**DATA SHOWN**
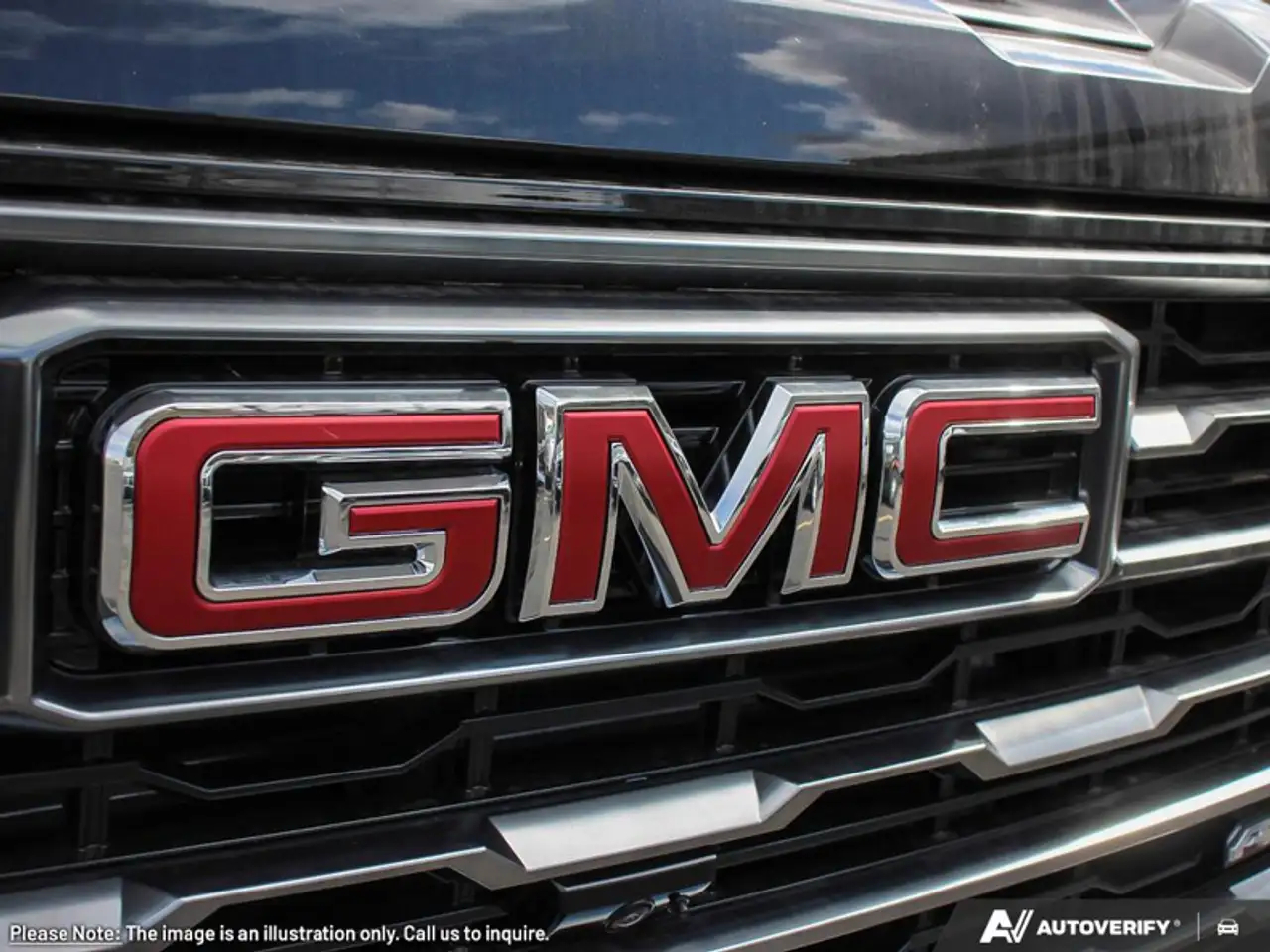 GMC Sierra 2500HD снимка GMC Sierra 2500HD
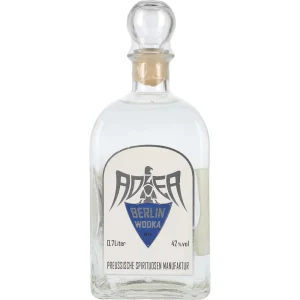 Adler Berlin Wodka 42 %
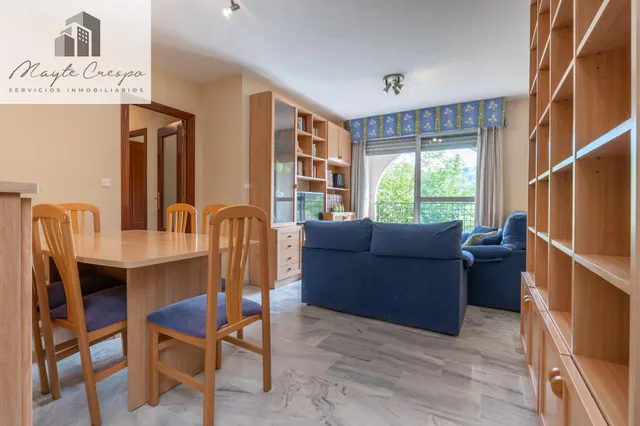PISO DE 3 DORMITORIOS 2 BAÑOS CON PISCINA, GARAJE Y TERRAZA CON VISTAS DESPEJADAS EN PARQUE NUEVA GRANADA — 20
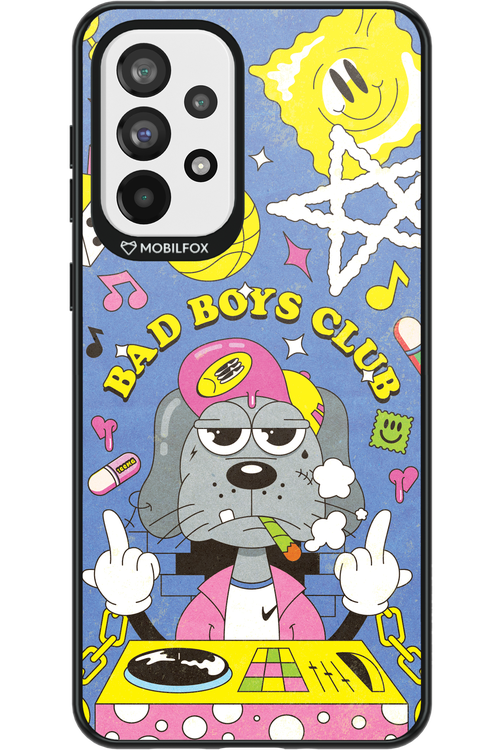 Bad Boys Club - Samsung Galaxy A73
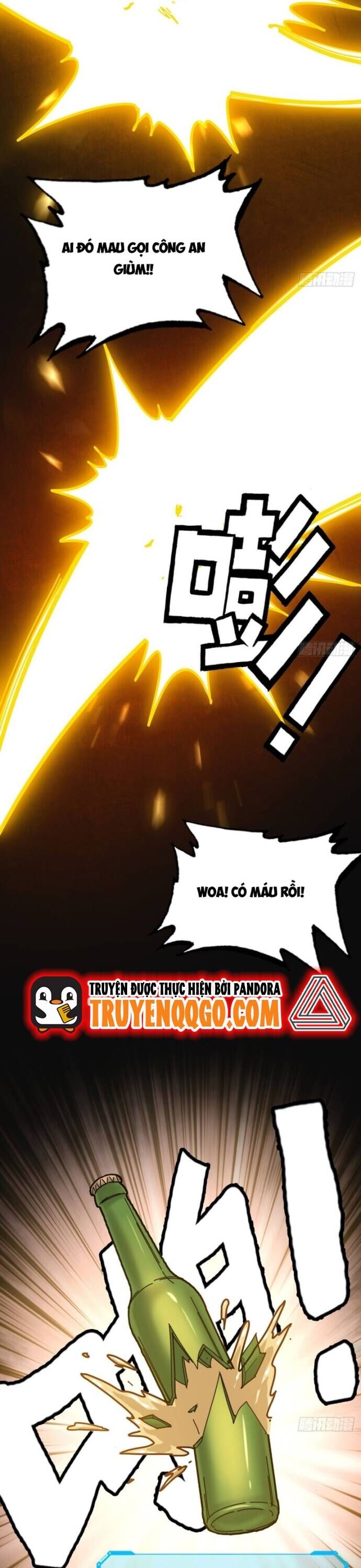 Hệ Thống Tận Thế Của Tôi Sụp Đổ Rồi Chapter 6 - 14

* * *

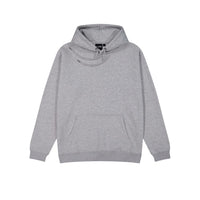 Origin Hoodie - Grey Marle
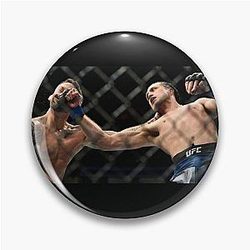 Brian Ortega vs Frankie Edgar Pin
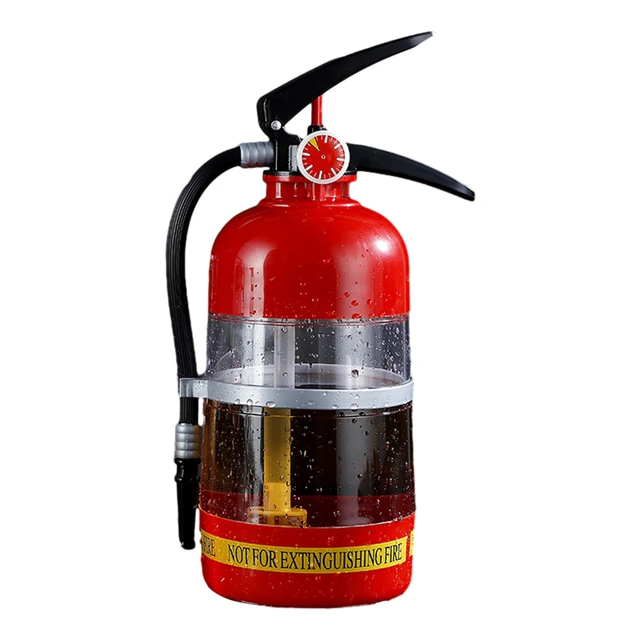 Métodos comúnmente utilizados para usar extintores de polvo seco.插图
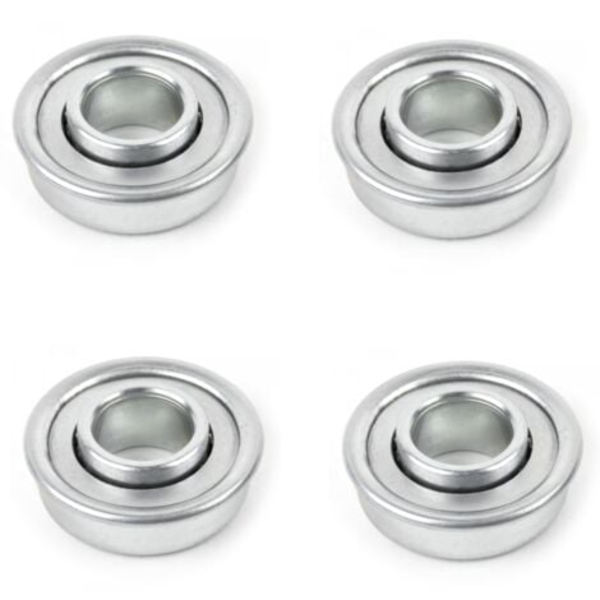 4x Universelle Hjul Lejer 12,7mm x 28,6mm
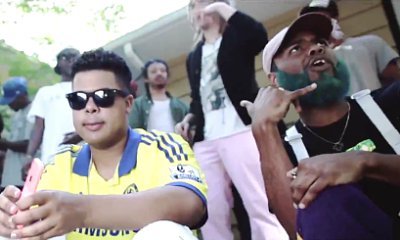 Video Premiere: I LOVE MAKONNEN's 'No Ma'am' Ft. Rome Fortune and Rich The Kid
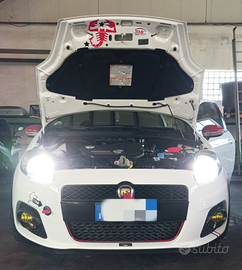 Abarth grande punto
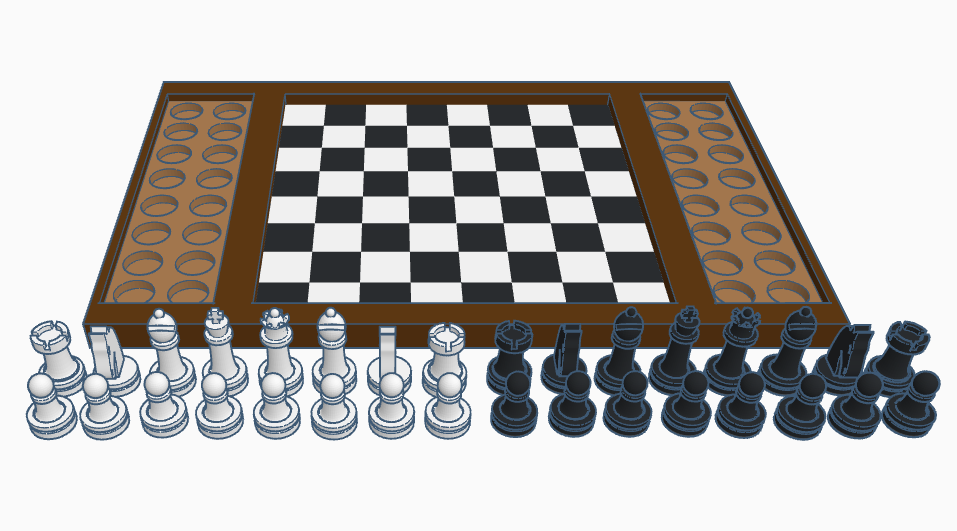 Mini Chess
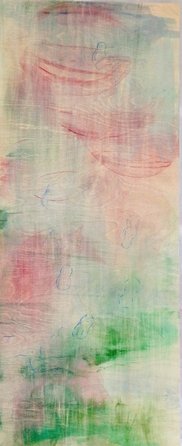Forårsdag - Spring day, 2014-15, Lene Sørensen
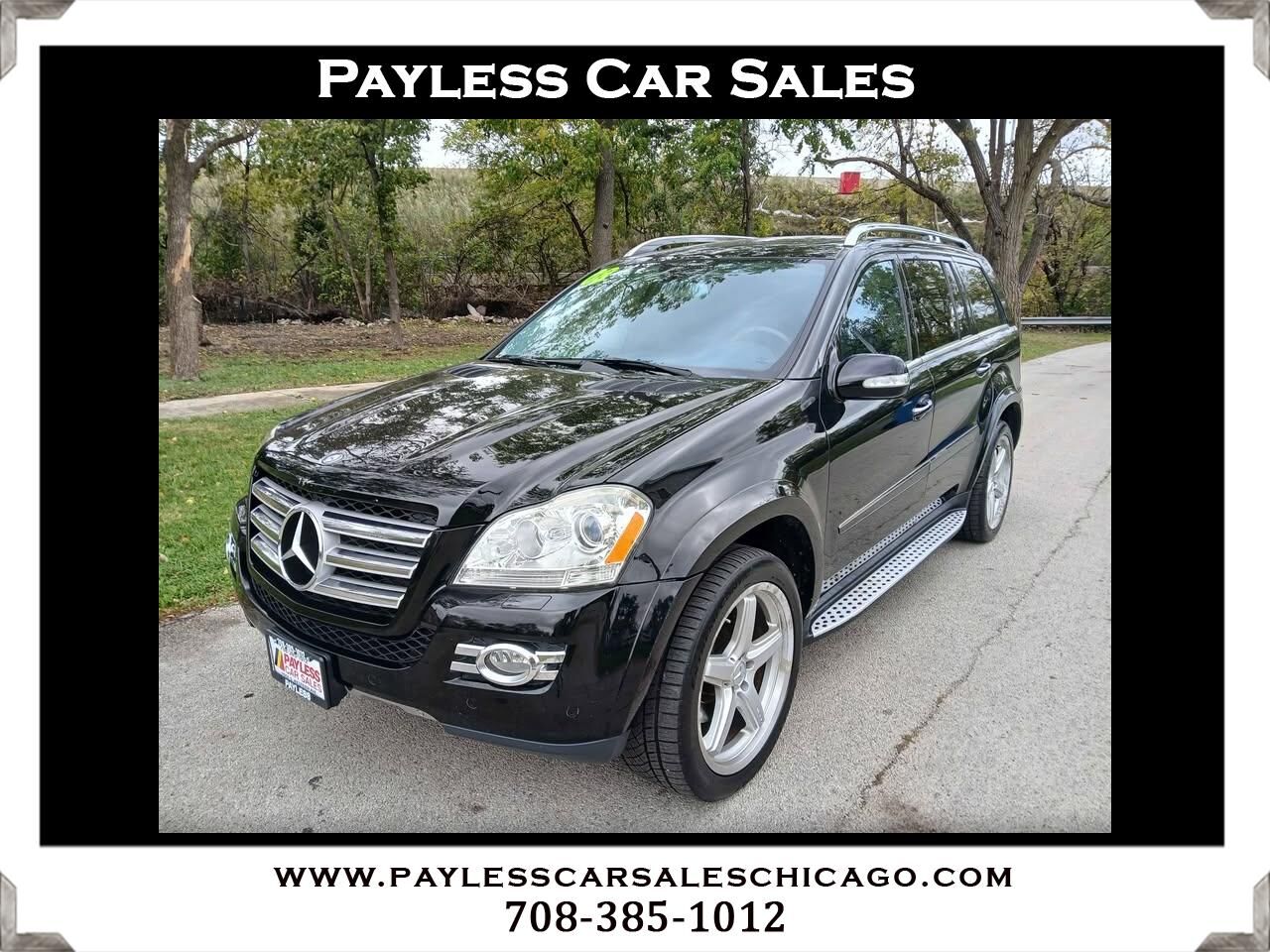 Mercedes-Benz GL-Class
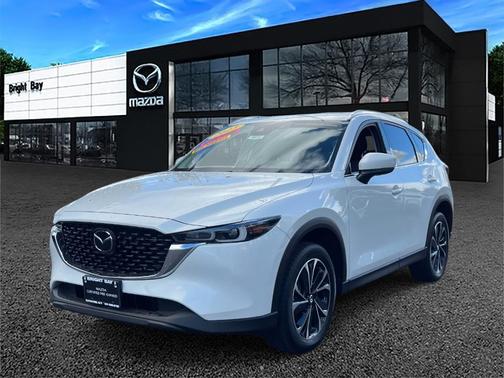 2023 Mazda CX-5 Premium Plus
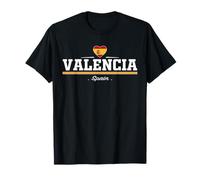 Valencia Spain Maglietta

**WHAT IS NEEDED**
Return word for word the lines of the listing above, starting at the line with "Métodos comúnmente utilizados" and ending at the line with "Valencia Spain Maglietta", both included. Pictures do not belong in the copy.

**RESPONSE TO THE EXERCISE**
 Métodos comúnmente utilizados para usar extintores de polvo seco.插图
 4x Universelle Hjul Lejer 12,7mm x 28,6mm
 Video Premiere: I LOVE MAKONNEN's 'No Ma'am' Ft. Rome Fortune and Rich The Kid
 Abarth grande punto
 Mini Chess
Forårsdag - Spring day, 2014-15, Lene Sørensen
 Mercedes-Benz GL-Class
 2023 Mazda CX-5 Premium Plus
 Valencia Spain Maglietta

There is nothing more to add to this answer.